Autor: PAP/Leszek Szymański

Andrzej Duda w wywiadzie dla ukraińskiej telewizji o F-16, Białorusi i ataku na Polskę

2023-02-19 20:37

Podczas rozmowy w ukraińskiej stacji telewizyjnej 1+1, Andrzej Duda opowiadał o tym, ile Polska ma samolotów w F-16 i jak Unia Europejska czy NATO, mogłyby w tej kwestii pomóc Ukrainie.

Andrzej Duda udziela wywiadu ukraińskiej telewizji

Treść wywiadu z Andrzejem Dudą została w niedzielę zamieszczona na stronie internetowej Kancelarii Prezydenta RP. Podczas rozmowy, prezydent był pytany, czy Polsce trudno jest podjąć decyzję o przekazaniu myśliwców Ukrainie.

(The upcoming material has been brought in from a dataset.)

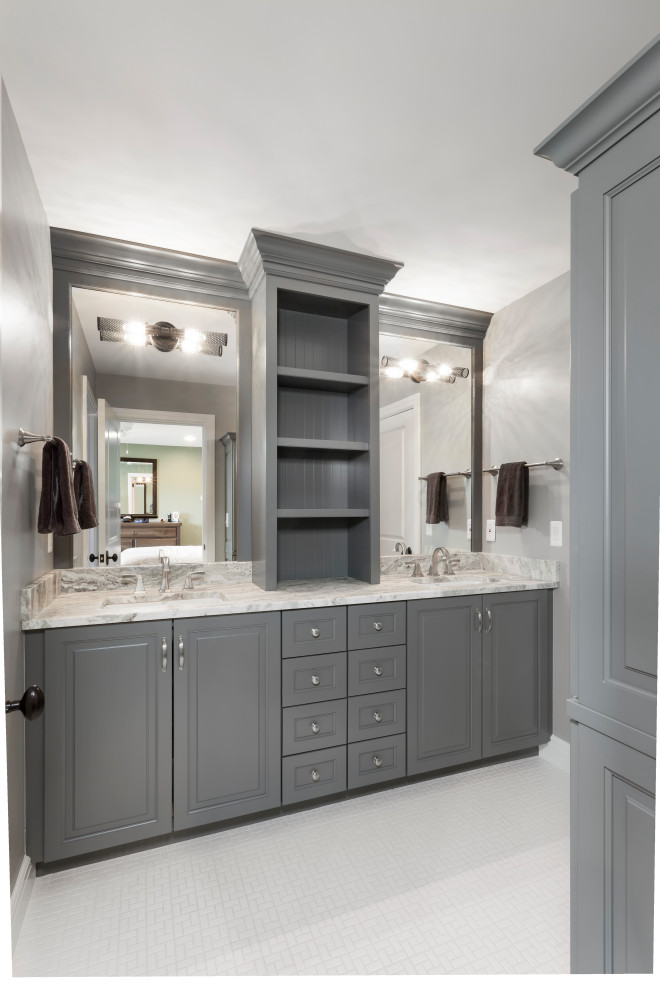 Home design - transitional home design idea in Detroit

- Oczywiście, nie jest to dla nas łatwa decyzja. Proszę pamiętać, że nie jesteśmy krajem, który byłby potentatem, jeżeli chodzi o wojskowe siły lotnicze, w szczególności jeżeli chodzi o odrzutowce - odpowiedział Andrzej Duda.

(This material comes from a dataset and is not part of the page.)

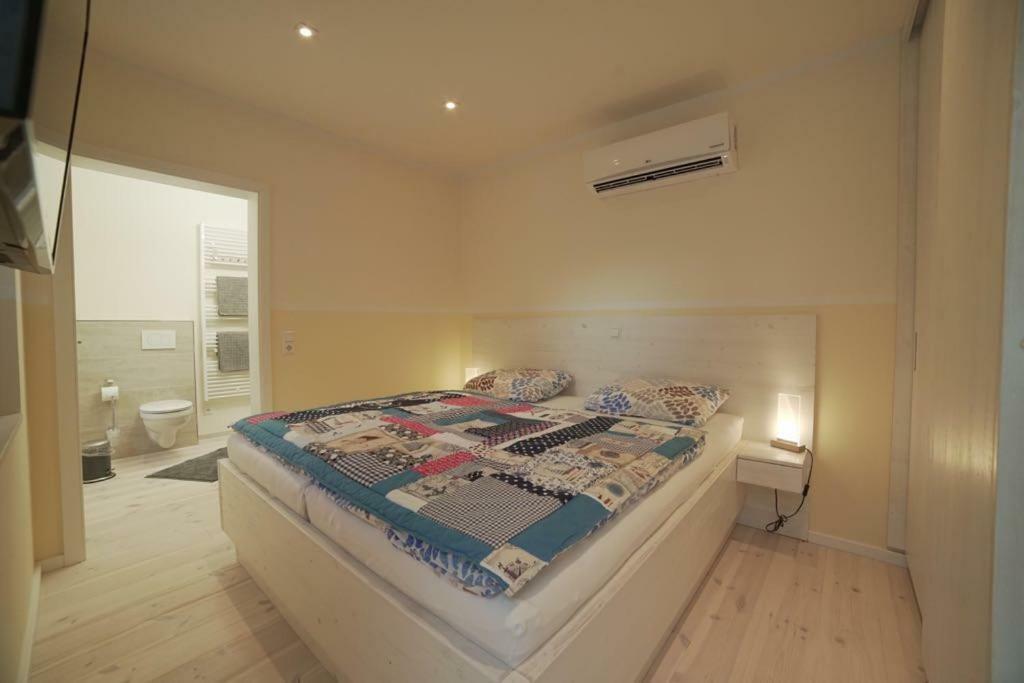 Bienenhaus Holiday home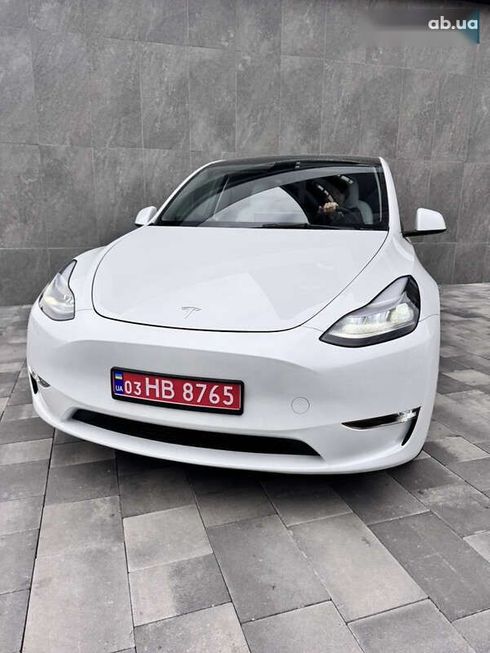 Tesla Model Y 2023 - фото 3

Zaznaczył, że Polska ma też partię jeszcze posowieckich samolotów Mig-29.

- Ale oprócz tego mamy samoloty F–16, które kupiliśmy ze Stanów Zjednoczonych w ramach programu modernizacji polskich sił powietrznych. Tych samolotów jest tylko 48, więc jest ich niewiele (...). W tej chwili dokonujemy zakupu samolotów. Mamy zamówione ze Stanów Zjednoczonych dwie eskadry samolotów F–35. Kupujemy również samoloty myśliwskie, nowoczesne, nowe, z Korei Południowej. Niedawno podpisaliśmy kontrakt. Spodziewamy się, że jeszcze w bieżącym roku te samoloty do Polski zostaną dostarczone – FA–50 - powiedział prezydent.

Dodał też, jak ważne dla Polski są samoloty F-16.

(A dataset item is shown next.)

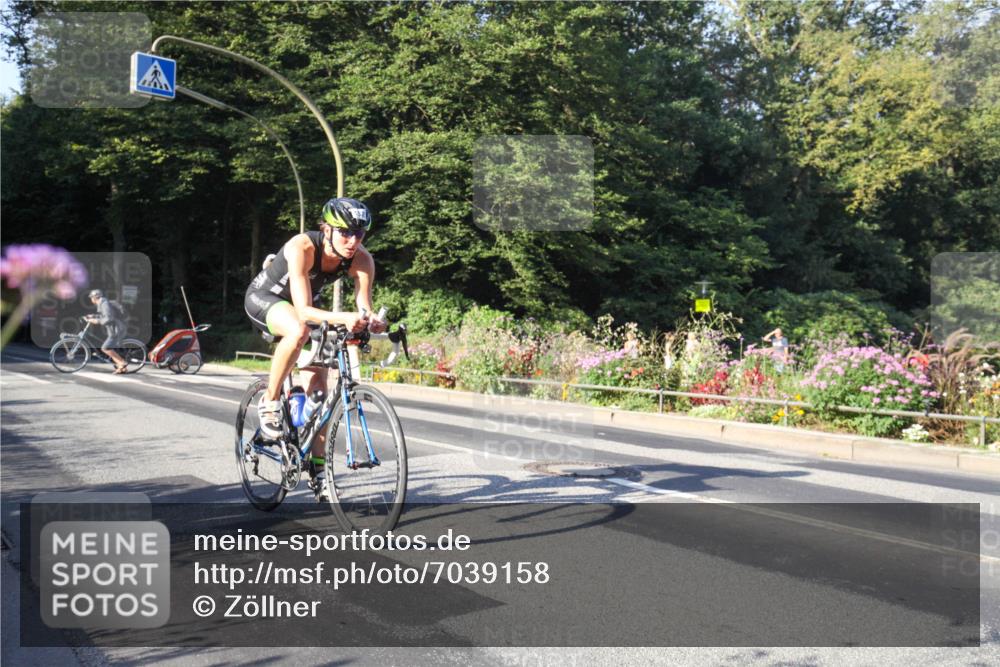 08.09.2024 - Stadtparktriathlon Zöllner http://msf.ph/oto/7039158 08.09.2024 09:12:37 Radfahren 104, 132, 150, 157 meine-sportfotos.de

- Dzisiaj fakty są takie, że samolotów F–16, nowoczesnych, które w znakomity sposób chronią naszą przestrzeń powietrzną i pozwalają nam też realizować misję Air Policing w innych krajach Sojuszu Północnoatlantyckiego, mamy tak naprawdę za mało. Więc oddanie jakiegokolwiek z tych samolotów jest bardzo, bardzo kontrowersyjną, poważną decyzją, tym bardziej że one potrzebują bardzo istotnego zaplecza serwisowego. To jest bardzo skomplikowana technologia, która potrzebuje bardzo poważnej obsługi, to jest bardzo skomplikowany proces, w związku z czym my nie mamy wątpliwości, że to wymagałoby szerszej akcji ze strony NATO - podkreślił prezydent.

Andrzej Duda był również pytany, czy wojna w Ukrainie była nie do uniknięcia i czy rzeczywiście nic nie można było zrobić.

- Obawiam się, że nie można było niczego zrobić, a w każdym razie na pewno nie można było niczego zrobić w tym ostatnim momencie, kiedy ta wojna rzeczywiście była już tuż, tuż, za moment miała się rozpocząć, bo Rosjanie od dłuższego czasu gromadzili jednostki wojskowe. My mieliśmy informacje, że te liczby przekraczają już 150 tysięcy żołnierzy, że powoli zaczynają się zbliżać do 200 tysięcy żołnierzy rosyjskich zgromadzonych wokół granic Ukrainy i spodziewaliśmy się, że dojdzie do jakiejś formy agresji - powiedział prezydent.

Zaznaczył, że prowadzono wysiłki dyplomatyczne i wszyscy mieli cichą nadzieję, że jednak Rosja tego ataku nie dokona, ale - jak dodał prezydent - wszyscy wiemy doskonale, co stało się 24 lutego ub. roku.

Andrzej Duda podkreślił też, że Polska od dłuższego czasu ma na względzie to, że rosyjski imperializm obudził się na nowo, bo to zobaczyliśmy już w Gruzji w 2008 roku.

- Później w 2014 roku, nie mieliśmy wątpliwości, że to nie żadni separatyści zajmują obszary Ługańska, Doniecka. Wiadomo było, kto okupuje Krym, więc wiedzieliśmy dokładnie, że to jest po prostu rosyjska inwazja na Ukrainę, choć skrywana, maskowana określeniami: +separatyści+ - podkreślił prezydent.